Istanbul by Orhan Pamuk

I first came across Orhan Pamuk by "mistake." I picked up his book Snow and read it in one sitting. The story was endearing and the setting memorable, it was great. Then I found out he was infamous! A friend gave me the book Istanbul which captures the essence of Turkey's major city and the feeling of the people as they transition from what the author calls the past to present but what the west calls east to west. It is so poignant and I am loving it.

Something I found interesting, that has very little to do with the book, was to learn that Turkish has a story telling tense. I love a good story teller, I feel like it's a dying art and I love that this language has an entire tense dedicated to this art. I wonder what it would be like to hear Orhan tell the story of Istanbul using this story telling tense.

He's so accurate at depicting feeling. Though I've never been to Turkey I can sense that I would walk to these famous places as see them just as he does.
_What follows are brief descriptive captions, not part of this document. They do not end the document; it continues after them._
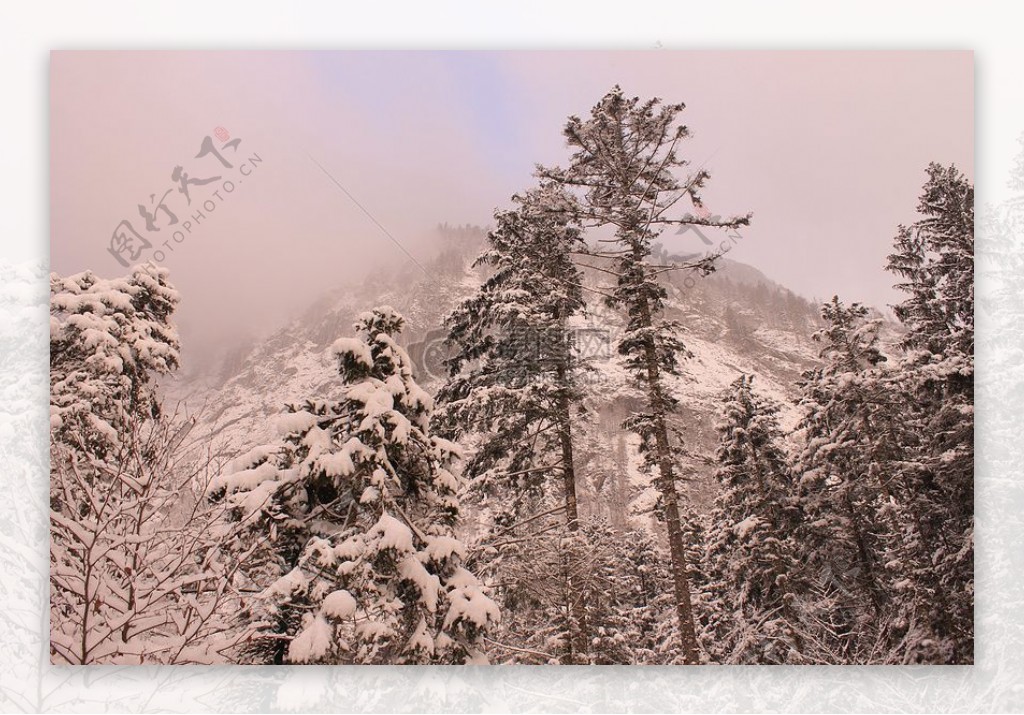 冬季的白天森林的低角度摄影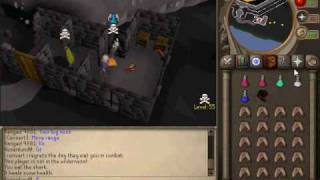 hackscape pking vid 2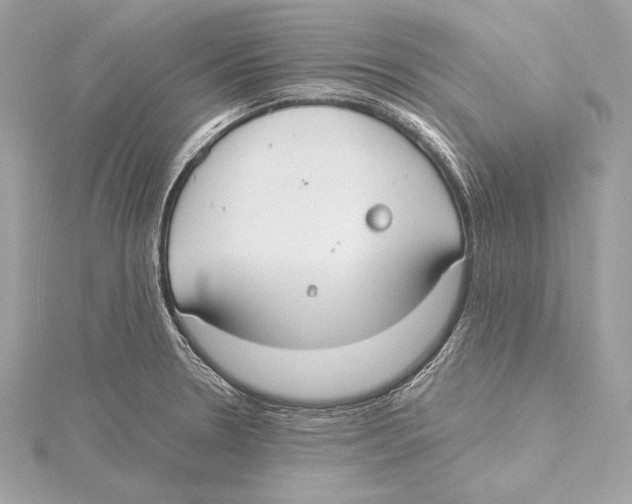 X0000115351330200912011043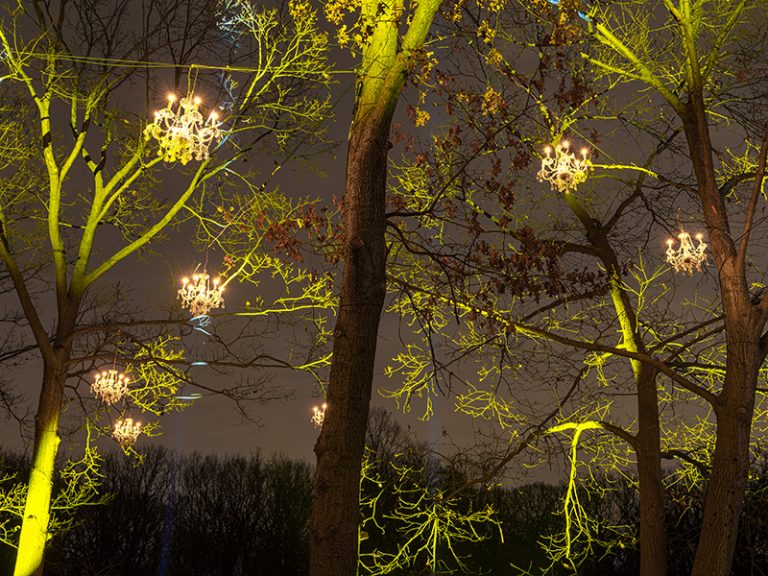 ‘Illumination’ At The Morton Arboretum – PLSN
As I read his remembrances I tap into my own history and I see overlaps of things one would assume were unique to just your family, if not culture, at the very least. He describes a sitting room so sacred, the TV was placed in the hallway. I think about watching cartoons on the ceramic tiled floors as my grandmother walked past carrying the groceries from outside through the hallway to the kitchen. Surely that was only her house? Family ties, described only as a "mounting pile of unsettle scores" whose only certainty was that resolution would never come. Was he listening to us as we spoke?

Orhan Pamuk frames this distant city through the lives of it's people and makes me feel a closeness to the Turkish community I hadn't expected.